As this court explained in its Order, defendant is responsible for the wrongdoing at issue because while "doing business as" Miners Ranch Saloon he is legally indistinguishable from Miners Ranch Saloon. (Id. at 8:3-17.) But as the court found, (id. at 16:20-28), defendant made a sufficient showing that the broadcast of the Program was not willful. See Nissan Fire & Marine Ins. Co., Ltd. v. Fritz Companies, Inc. , 210 F.3d 1099, 1102 (9th Cir. 2000) (holding that party seeking summary judgment meets initial burden by "negating an essential element of the nonmoving party's claim or defense" or by "show[ing] that the nonmoving party does not have enough evidence of an essential element to carry its ultimate burden of persuasion at trial"). As explained above, plaintiff offered no conflicting evidence to show that it could prove willfulness.
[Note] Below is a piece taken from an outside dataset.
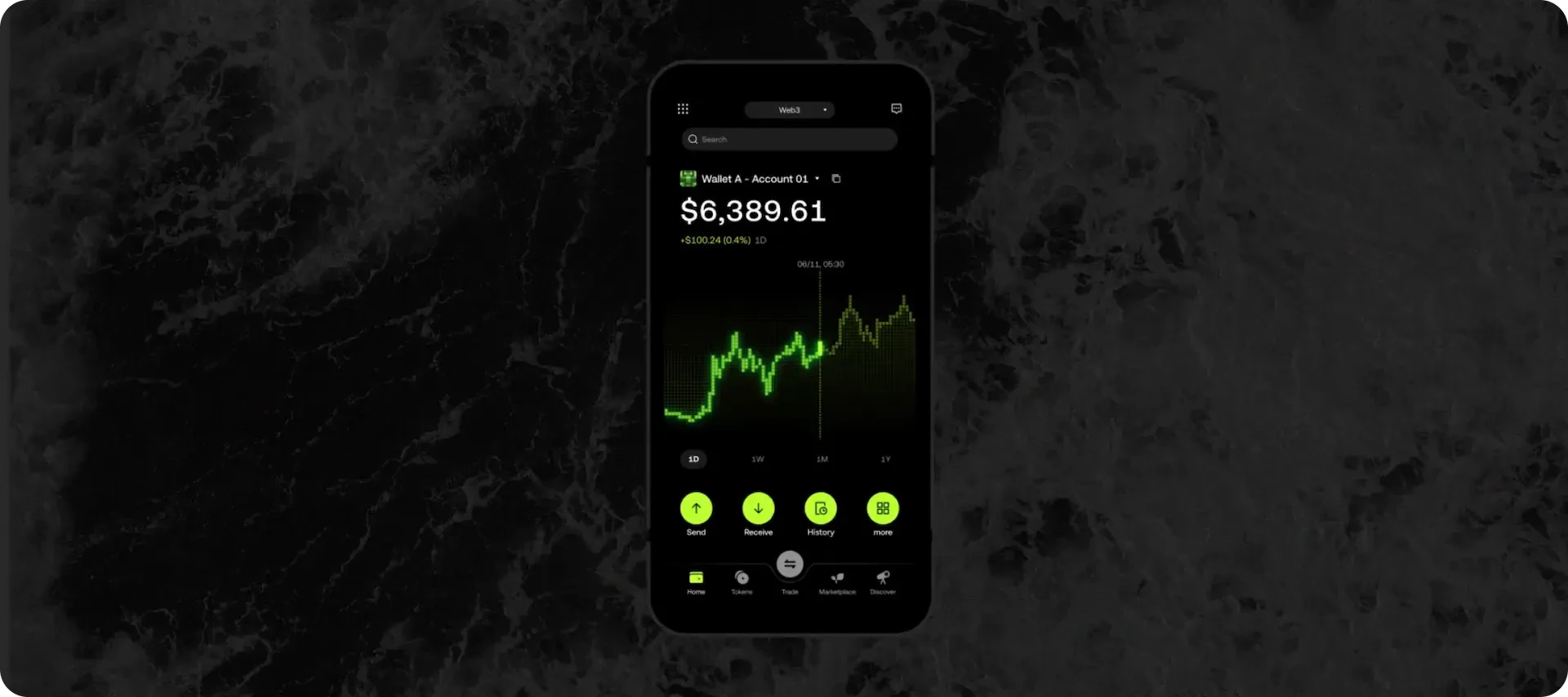 Satu wallet kripto, 130+ chain native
Plaintiff is correct that in the case the court discussed, J & J Sports Prods., Inc. v. Vazquez, 11-5448-SC, 2012 WL 3025916 (N.D. Cal. July 24, 2012), there was additional evidence that a third party had ordered the program on a television and brought that television to the establishment where it was displayed, whereas here the Program was displayed on the televisions owned by Miners Ranch Saloon. But the fact remains that there was no evidence that defendant exhibited the Program for commercial or personal advantage. Section 605(e)(3)(C)(ii) requires that the exhibition of the unauthorized broadcast be both willful and "for purposes of direct or indirect commercial advantage or financial gain." 47 U.S.C. § 605(e)(3)(C)(ii). The undisputed fact before the court was that on the night of the unauthorized broadcast, there was no increase in Miners Ranch Saloon's sales or revenue compared to similar days in the same time period. (See June 5, 2013 Order at 16:1-3.) There was also no evidence that the establishment charged a cover, increased food or beverage prices, or in any way advertised exhibition of the Program. (See id. at 14:16-18, 16:1-3.)

Plaintiff's motion is no more than a regurgitation of arguments previously rejected in this court's Order. The court's determination that plaintiff was not entitled to enhanced statutory damages was not error. Just because plaintiff disagrees with this court's decision is no reason for the court to alter or modify it.

IT IS THEREFORE ORDERED that judgment be entered in accordance with the court's June 5, 2013 Order;

AND IT IS FURTHER ORDERED that plaintiff's motion to alter or amend that judgment be, and the same hereby is, DENIED.